La plus grande partie des officiels qui se sont réunis pour la COP 21 n’ont aucune volonté de sauver la planète et d’améliorer la vie de leurs prochains. Leur objectif reste le même : faire le maximum de profit en un minimum de temps. La seule question est de voir si l’on peut peindre en vert la croissance économique et gagner encore un peu plus d’argent en se drapant vertueusement derrière quelques beaux discours hypocrites. Pendant quelques heures, les managers des multinationales ainsi que les pantins qu’ils ont nommés pour nous gouverner vont jurer leurs grands dieux qu’ils ne veulent que notre bonheur et qu’ils ont trouvé une solution miracle pour que chacun des habitants de la planète puisse rouler dans une berline surpuissante en bouffant des kilos de viande tous les jours. A partir de dorénavant tous nos excès vont devenir durables… Nous serons environnés de centrales nucléaires certifiées sans rejet de CO2, de champs d’éoliennes et de capteurs solaires… Les productions agricoles se multiplieront à l’infini dans de vastes fermes usines. Quand on pense que le film « Soleil vert », en son temps, a été qualifié de fiction ! Si des mesures coercitives sont prises il est probable que c’est Monsieur Toulemonde qui sera visé et pas les multinationales. Si l’on n’y prend pas garde, l’arsenal coercitif et répressif sera renforcé une fois de plus mais ces nouvelles mesures n’impacteront que notre vie quotidienne et non l’activité des grosses industries qui bénéficieront de passe-droits légitimés par le « contexte économique difficile ».

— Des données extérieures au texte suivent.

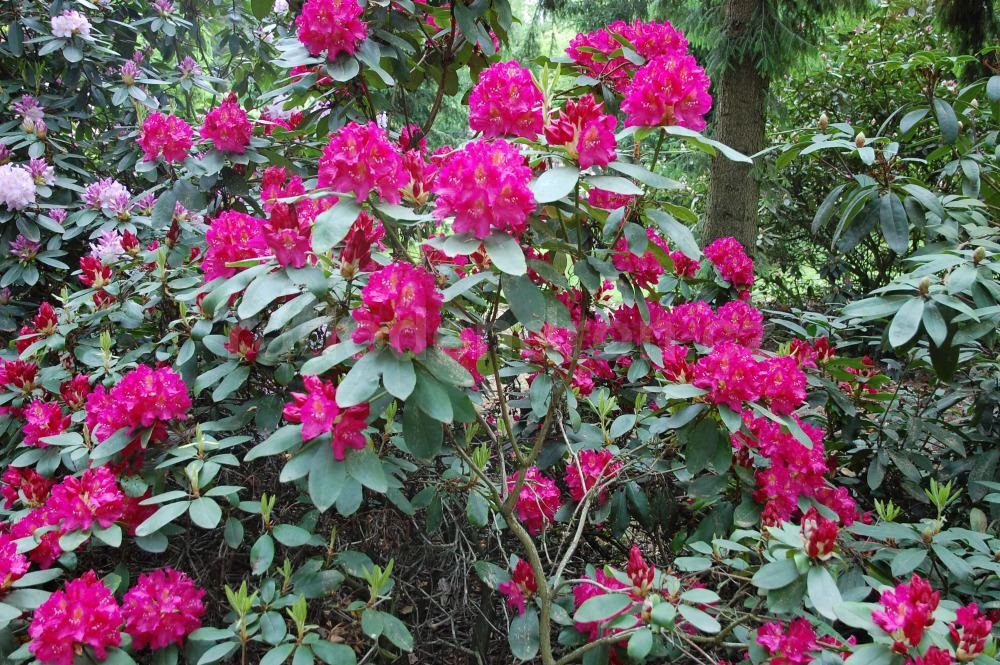 Rododendron Quito
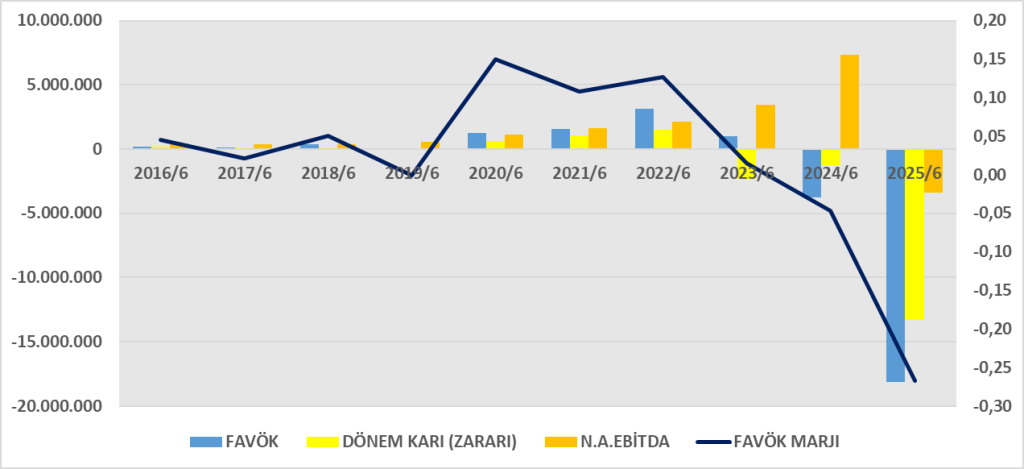 VESTL BİLANÇO ANALİZİ 2025/6 Image 795 1024x469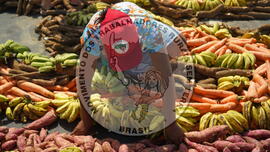 [Título n/d] : lote nº 002, pasta nº 001351, doc. nº 000426 [imagem] / Fotógrafo(a) : [autoria n/d].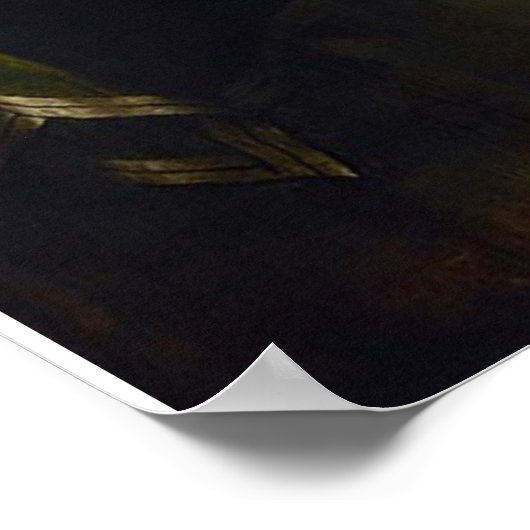 Onafhankelijkheidsverklaring van de Verenigde Stat Poster (Hoek)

1984 c’est dépassé ; le pire reste à venir à mon avis, dans l’indifférence quasi-générale… Le rêve et l’espérance n’ont plus que quelques niches pour se réfugier, mais ce n’est pas pour cela qu’il faut renoncer à lutter pour une société plus libre, plus juste, plus écologique et – en bref – plus humaine… Comme de tout temps dans l’histoire, les minorités ont leur rôle à jouer, mais seront-elles assez fortes, assez unies et assez mobilisatrices pour stopper le rouleau compresseur du libéralisme ?… Je crois que nous pourrons en juger dans les prochaines années. Cette fin d’année 2015 aura eu au moins un « mérite » : nous apprendre de façon claire et limpide qu’il n’y a plus de gauche en France (ce n’est pas moi qui met cette idée en avant, mais le magazine révolutionnaire « Le Point »). Tsipras, Hollande, même combat, même arnaque.

Notes : merci à « La Belette » pour les illustrations empruntées sur son blog « fédérer et libérer ».
(*) Rapport Oxfam très instructif à ce sujet… « Une personne faisant partie des 1 % les plus riches au monde génère en moyenne 175 fois plus de CO2 qu’une personne se situant dans les 10 % les plus pauvres. »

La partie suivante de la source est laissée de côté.